Where it actually grows measured, from 2,021 observations

Condition 5th percentile Median 95th percentile
Coldest month, mean daily low -4.0 °C 0.3 °C 8.3 °C
Warmest month, mean daily high 21.1 °C 26.0 °C 31.2 °C
Annual rainfall 516 mm 809 mm 1,421 mm
Rainfall in the driest quarter 34 mm 128 mm 225 mm

It is found where winters bring light frost. This is not care advice and it is not a forecast. It is a measurement: we sampled the climate at every one of the 2,021 research-grade observations of Ophrys sphegodes that carry a coordinate, and this is the range those places actually span. The 5th and 95th percentiles are used rather than the minimum and maximum, because a single cultivated specimen in a heated conservatory should not widen a tropical plant's range to the Arctic.

This is not a hardiness zone. A USDA zone is the average annual extreme minimum temperature. The figure above is the mean daily minimum of the coldest month, which is a different quantity and is typically far warmer. Reading one as the other would place a plant several zones too warm, so we do not publish a hardiness zone, because we do not have one. Climate from CHELSA V2.1 (Karger et al. 2017); occurrences from 10.15468/dl.cgje2x.

Also published as 375 synonyms

A synonym is not an error. It is a record of botanists disagreeing, in print, about where this plant belongs. Each of these was somebody’s considered answer.

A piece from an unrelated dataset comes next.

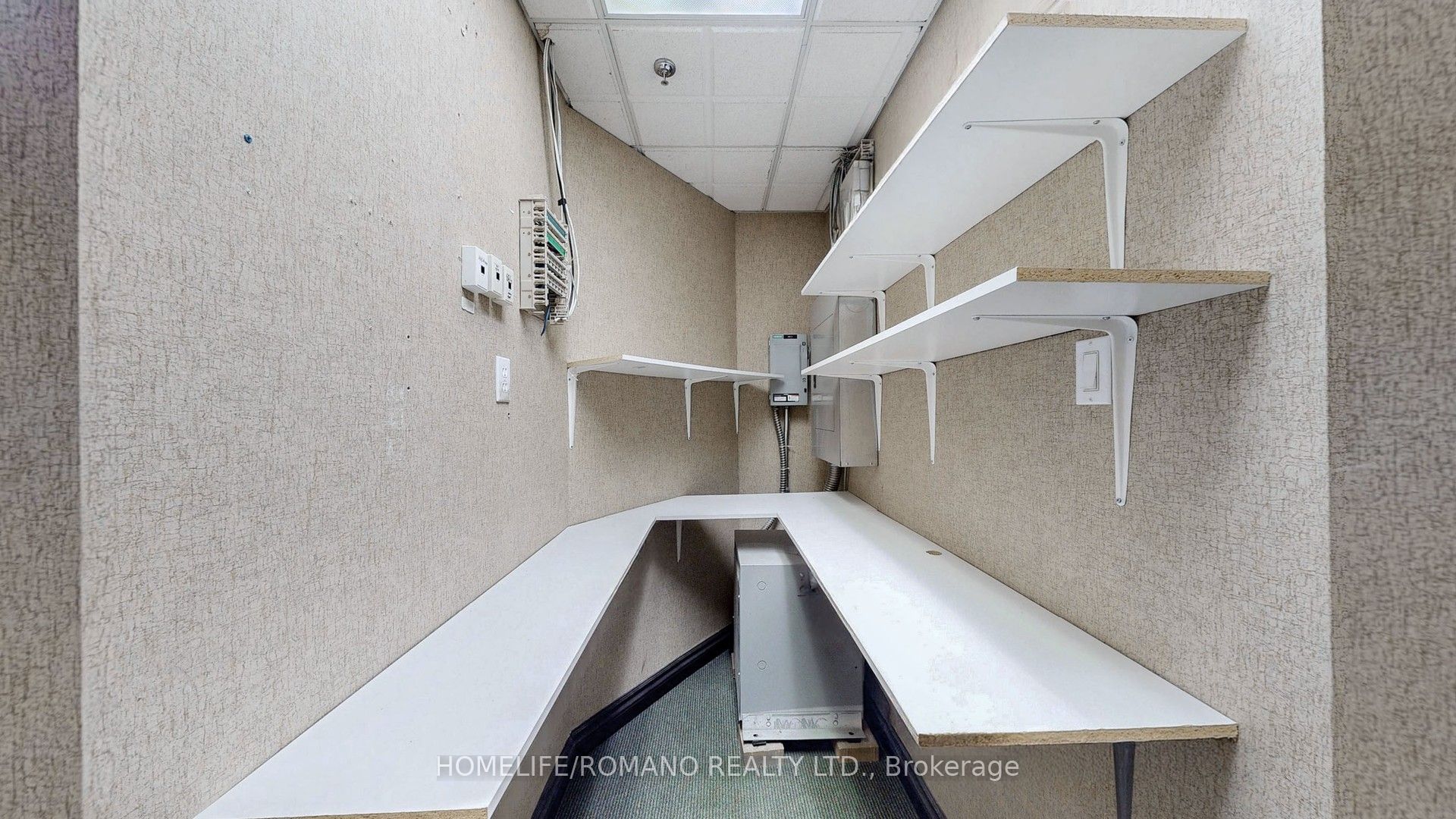 #c1 - 800 Sheppard Avenue Property Photo 10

  • Arachnites aranifera (Huds.) Bubani
  • Arachnites atratus (Rchb.f.) Tod.
  • Arachnites fuciflorus var. ambiguus Tod.
  • Arachnites fuciflorus var. panormitanus Tod.
  • Myodium araniferum (Huds.) Salisb.
  • Ophrys abdita C.E.Hermos.
  • Ophrys adonidis A.Camus & Gomb.
  • Ophrys aegilica Engelen
  • Ophrys aesculapii Renz
  • Ophrys aesculapii subsp. pseudoaraneifera Renz
  • Ophrys alasiatica Kreutz, Segers & H.Walraven
  • Ophrys albanica Presser
  • Ophrys amanensis (E.Nelson ex Renz & Taubenheim) P.Delforge
  • Ophrys amanensis subsp. antalyensis (Kreutz & Seckel) Kreutz
  • Ophrys amanensis subsp. iceliensis (Kreutz) Kreutz
  • Ophrys antalyensis Kreutz & Seckel
  • Ophrys arachnites var. exaltata (Ten.) Fiori & Paol.
  • Ophrys arachnitiformis subsp. cephalonica (B.Baumann & H.Baumann) Kreutz
  • Ophrys arachnitiformis subsp. cilentana (Devillers-Tersch. & Devillers) Kreutz
  • Ophrys arachnitiformis var. passionis (Sennen) P.Delforge
  • Ophrys araneola Rchb.
  • Ophrys araneola subsp. argentaria (Devillers-Tersch. & Devillers) Kreutz
  • Ophrys araneola subsp. ausonia (Devillers, Devillers-Tersch. & P.Delforge) Kreutz
  • Ophrys araneola subsp. cretensis (H.Baumann & Künkele) Kreutz

and 351 more.

Sourcesevery claim on this page

  1. World Flora Online Plant List. accepted name, authority, classification. CC0. Retrieved 2026-07-12.
  2. iNaturalist. photographs and flowering annotations, CC0 / CC BY / CC BY-SA only. per photograph. Retrieved 2026-06-27.
  3. Wikidata. common name (P1843), joined on the World Flora Online identifier (P7715). CC0. Retrieved 2026-07-13.
  4. Kew, World Checklist of Vascular Plants (WCVP v16). native distribution by TDWG level-3 botanical country, and life form. CC BY 3.0. Retrieved 2026-06-04.

We publish what we can source and we say so when we cannot. This page has no care advice and no toxicity claim, because we do not yet have those from a source we can cite.